The New South Wales government has launched a new plan to set it on the path to becoming an industry leader in delivering affordable, safe, and secure social housing that improves quality of life for individuals and communities across the state.
NSW Land and Housing Corporation (LAHC) chief executive Mick Cassel said the organisation’s new 20-year portfolio strategy would allow it move from being an asset manager to becoming an owner and broker of social housing.
“The need for housing is great and government alone can’t fix the problem, which is why this strategy will help us work more productively, and more often, with industry, councils and CHPs [community housing providers] to deliver more new, fit-for-purpose social housing throughout NSW,” he said.

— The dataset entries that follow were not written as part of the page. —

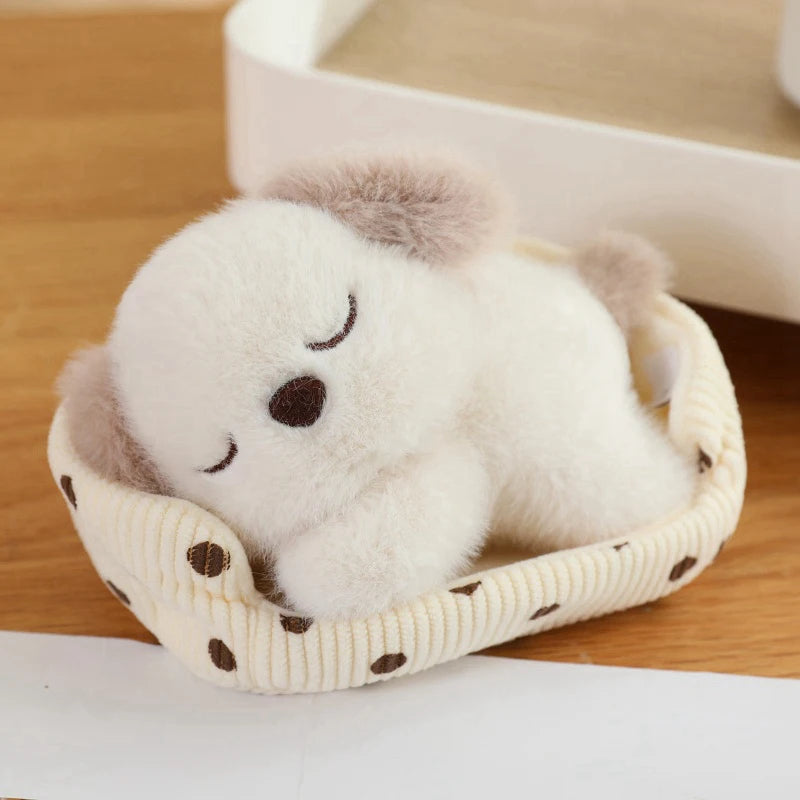 Cute Sleeping Animal(Dog/Cat/Fox/Bear/Rabbit/Pig) Plush Toys 12cm
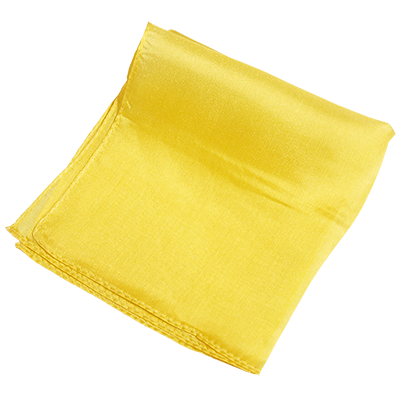 (image for) Silk 9 inch (Yellow) Magic by Gosh - Trick - Click Image to Close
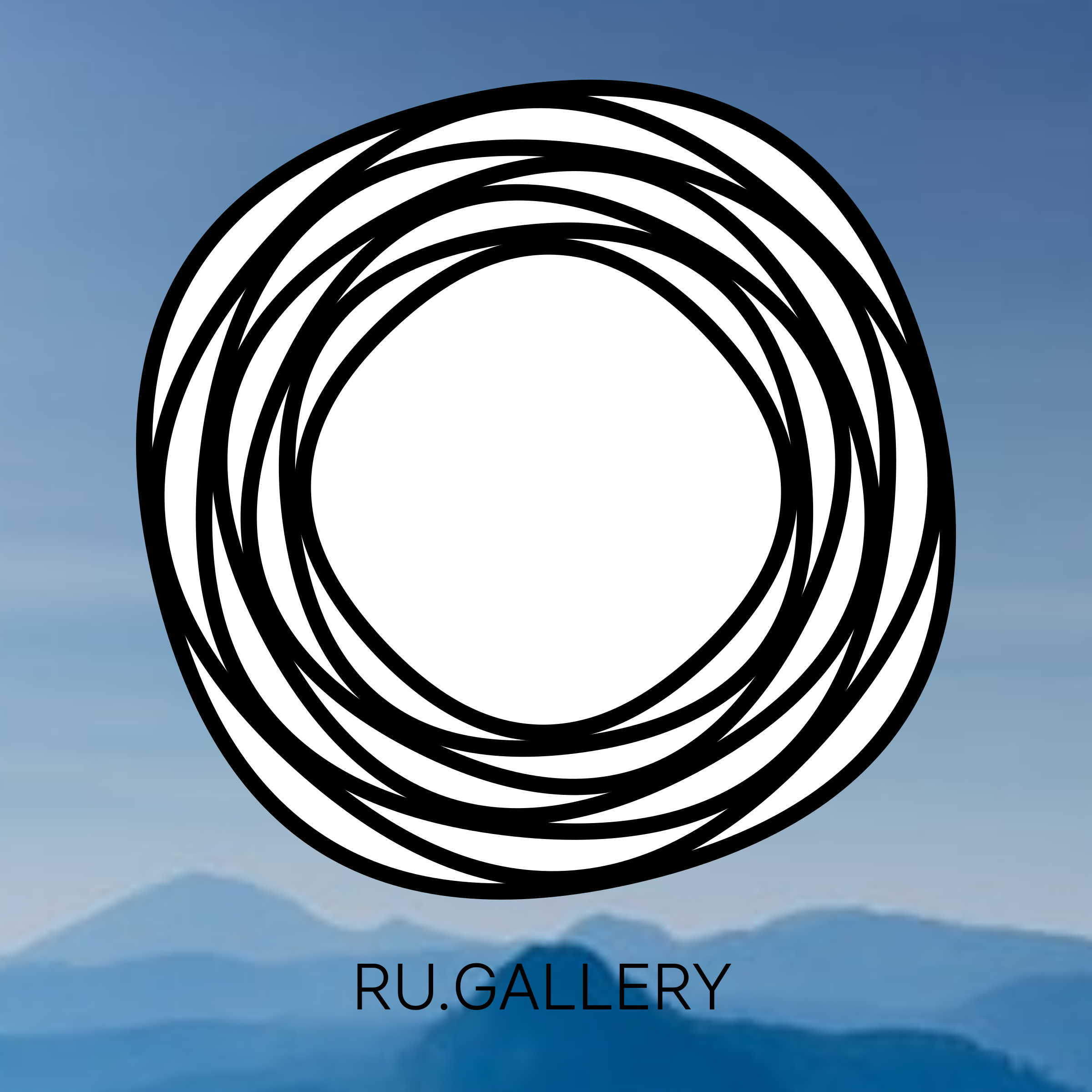 Логотип компании «RU.GALLERY»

In 2020, LAHC’s portfolio included almost 126,000 social homes, around 1,500 crisis and transitional housing properties, and a range of community and commercial properties. However, many of the homes are very old, bigger than necessary, and are concentrated on social housing estates, according to the strategy.
“This has negative consequences for the people and families we house, their communities, and our costs,” it said.

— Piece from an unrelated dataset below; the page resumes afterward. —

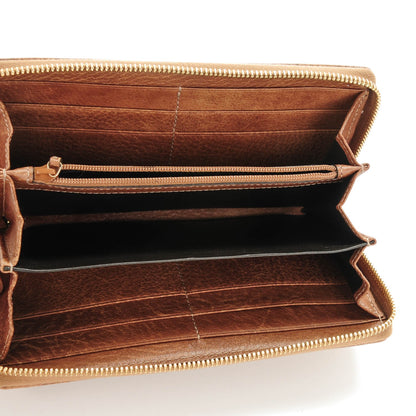 Gucci Guccissima Bamboo Tassel Zip Around Wallet Light Brown 5 of 7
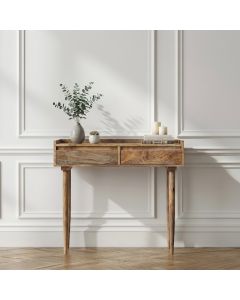 Scandi Mango 90cm 2 Drawer Console Table - Due 26th July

Meanwhile, demand for social, crisis and transitional housing has continued to outstrip supply, and more than half of all tenants have been living in social housing for 10 years or more.

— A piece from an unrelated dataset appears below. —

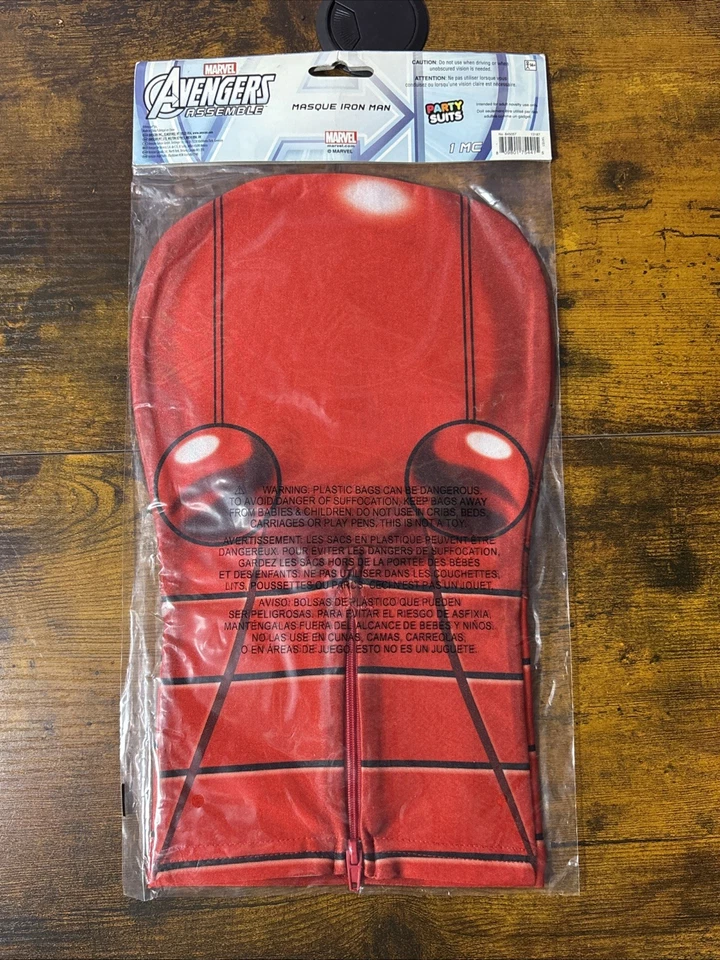 Iron Man  Partysuit Mask Marvel Avengers Assemble Halloween Costume - Image 3 of 3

The new strategy sets out LAHC’s 20-year vision to grow and change its portfolio to one with more smaller, well-designed, accessible, sustainable and affordable homes. It aims to help the agency deliver on the government’s Future Directions for Social Housing plan, and outlines four focus areas: funding, flexibility, partnership, and decisions.
Under the strategy, LAHC will:
- Develop a funded 10-year housing target and a pipeline of new homes,
- Generate alternate funding to accelerate new social housing by increasing LAHC’s broker role in developing new homes and developing new financing partnerships,
- Improve the flexibility of its portfolio so it better meets demand and is easier to manage,
- Work with industry stakeholders more often to deliver cost-effective and efficient homes while generating more jobs and opportunities,
- Partner with the Aboriginal Housing Office and the community housing sector more to collectively meet housing demand,
- Improve decision making by using local area strategies and portfolio analysis to inform decisions and in assessing the impacts of decisions on portfolio value.
Last month the state government announced it would invest $812 million into building and upgrading thousands of social and affordable housing as part the 2020-21 NSW budget.